It would be fair to say I had high expectations for Funny People, but at the same time not really knowing what to expect. To its credit, parts of it are gut busting hilarious and other parts equally dramatic. I was surprised by the sheer amount of crude humour used in the many stand up sequences however, given that story wise, this was probably Apatow's most mature work. It still had the director’s confidently unique trademark mixture of crude and poignant.

The main problem was the film’s second half. When it declares George is able to get better, things get bogged down finding a conclusion. For as great as Eric Bana’s appearance late in the proceedings (as Laura’s overwhelming Aussie husband, Clark), there were plenty of clumsy elements and rushed ideas that just seemed unrealistic towards the end. Relationships turn on a dime and while I feel a lot of it felt true through most of the first ninety minutes, there are moments that threw me off in the final thirty. For a film this long - though it never once felt like it was dragging, it was surprising to see such rapid extremes that appeared only to serve to conclude the story as quickly as possible.

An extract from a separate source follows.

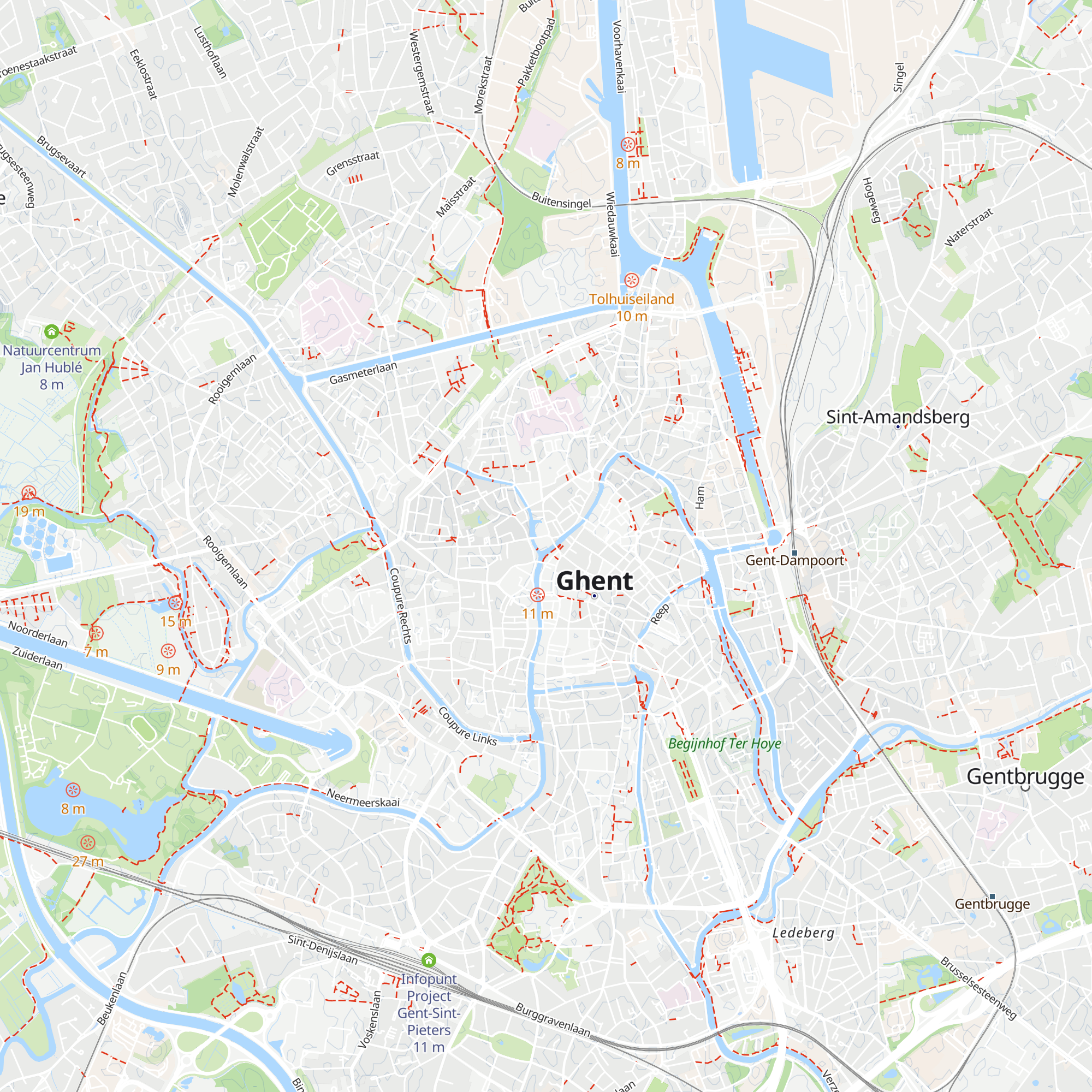 Infokantoor Toerisme Gent map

Definitely the character of George Simmons was well realised, with his fake films looking so horrendously bad, it seemed too perfect and ironic that Apatow's longtime friend Sandler, was the lead. He was great in that sense then, but I truly believe the actor did not have to stretch much when his true nature (i.e. cruelly humorous arsehole) comes out in parts of the film. Seth Rogen is very good as Ira. Playing more down to Earth than usual, this is probably his best performance I‘ve seen. Aubrey Plaza as a friend, Daisy, was a highlight and the sheer number of cameos was bewildering, but fun. Judd seems to like to cast his wife in his films, and it started to feel a little self-indulgent by the end unfortunately despite the gorgeousness of Leslie Mann. Jason Schwartzman and Jonah Hill were integral as Ira’s roommates, but nothing overly special - though their sitcom, Yo Teach! was the perfect Welcome Back, Kotter parody.

Overall it was a good movie, but with obvious flaws. The narrative - which made it feel like a film in pieces rather than flowing, and Judd's direction being the major culprits. Direction wise, it was pretty bad at times - at least compared to his previous film, Knocked Up. Any of the deeper messages explored are only really bubbling under the surface, and perhaps a second watch will help me realise that this film works better than I think it does now. So far then, Funny People is merely an applaudable - if a little clunky - achievement.